I stared at the ring some more. Zane had been right. I wouldn’t have chosen the ring for myself, but it was perfect. It felt like a part of me that I was becoming and growing into. It was a simple solitaire diamond with a low profile, encircled by tinier diamonds. The main stone was at least three carats, but the low profile would keep me from catching it on everything and popping my gloves in the lab. It was perfection.
I pulled my hair into a low, dowdy ponytail and pulled on the most tattered t-shirt and flannel pajama bottoms that I could find. I waited until I heard the click of the coffee maker being turned on in the kitchen before I left my room. I tried to look cheery. “Morning!” I called out.
I realized at once this was a terrible strategy. Callie looked at me suspiciously. “Morning,” she replied slowly. She stepped over and felt the back of my forehead with her hand. “Hm, strange. You don’t have a fever.” She flipped her perfectly curled blonde hair over her shoulder and pinched both of my cheeks. “You
feel
like my sister. You
look
like my sister. Or at least some realistic alien facsimile of her. But you don’t
sound
like my sister.” She looked at the clock above the stove. “I didn’t even know that Rachel Cobb
existed
before seven in the morning. I thought you just sort of beamed into space between four and six fifty-nine in the morning and then reappeared.”
“Ha ha,” I retorted drily. “Breakfast? I’ll cook it.”
Callie grabbed my hand that hung by my waist. “You’re acting really, really weird, Rachel Anne,” she said in her thickest Georgia accent.

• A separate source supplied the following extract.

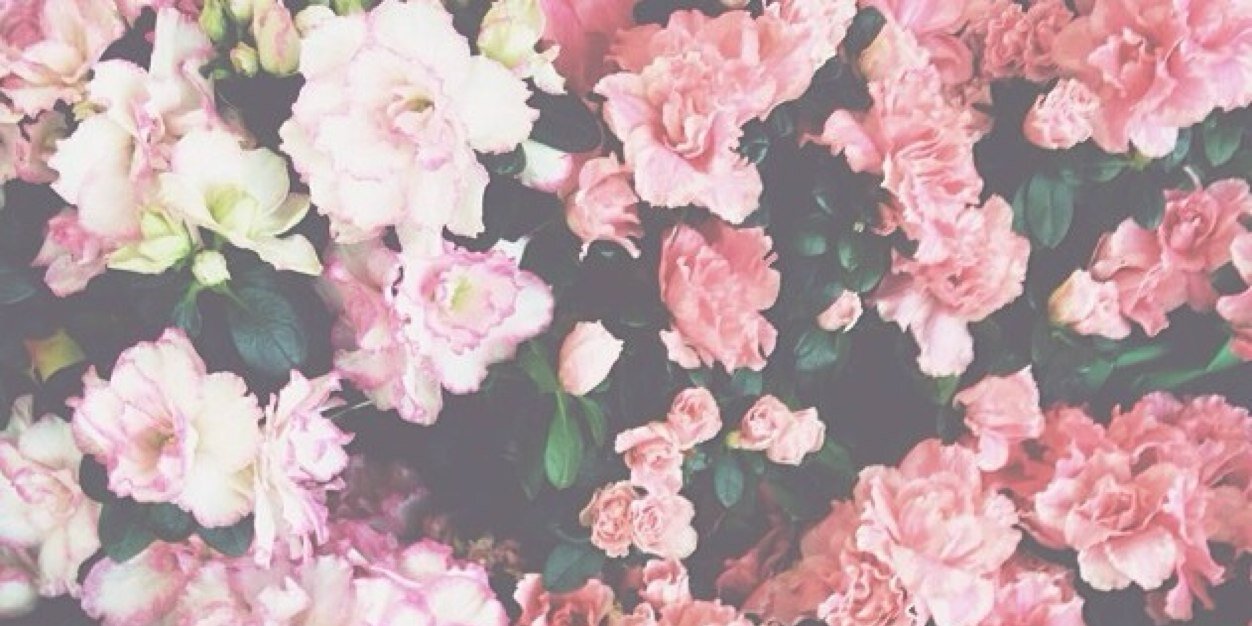 LilyMrtz's profile banner image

I pulled my hand away from her and opened the fridge door. “You sound like mom,” I replied. “Now
you
are freaking me out.”
Callie’s jaw dropped. I saw her eyes go to my ring finger on my left hand; it was still resting on the door of the fridge.

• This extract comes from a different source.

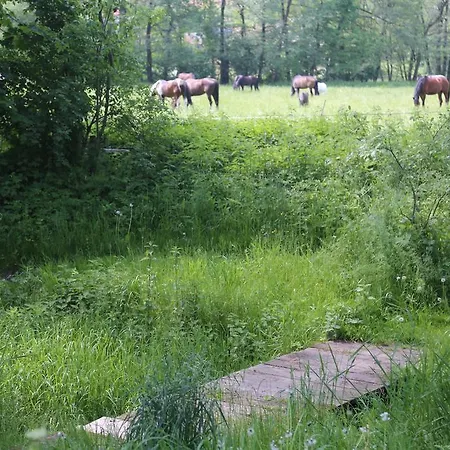 Bauernhof Stary Mlyn Wilczkowice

“Hell fire save matches, fuck a duck and see what hatches,” she whispered. My sister never, ever cursed. “What on EARTH is on your hand? An ice cube?” She grabbed it and held it up to her face. “Oh my word. Oh my word. Oh my word. You’re getting married?” She shrieked and hugged me, jumping up and down. She grabbed my hands and we bounced and squealed with excitement. “You’re getting married! You’re getting married! To – Zane? To Zane Reid?”
I nodded excitedly.
“Oh my word. Oh my word. Oh my word,” Callie repeated. We finally stopped bouncing. “How did he propose?”
“At the Adler,” I said. “In the main theater. Under a simulation of the Milky Way.”
Callie clapped a hand over her mouth. “That is so romantic.”
I blushed at the memory. “It really is.”
Callie grabbed her phone. “You know what? I’m calling off work today. Screw it. We’re going wedding dress shopping just for fun. And you’re not going to complain, alright?”
I took this as an extraordinary sign of good luck from the gods above. “When was the last time you played hooky?”
Callie shrugged and dialed. “Probably the mid-nineties.” She held up a finger. “Hey, Margot. I’m taking the day off. Hold my calls, rearrange my schedule, cancel meetings. I’m out of the office today.” She paused. “No, I’m not sick! I’m just-what? What do you mean did I see the news?”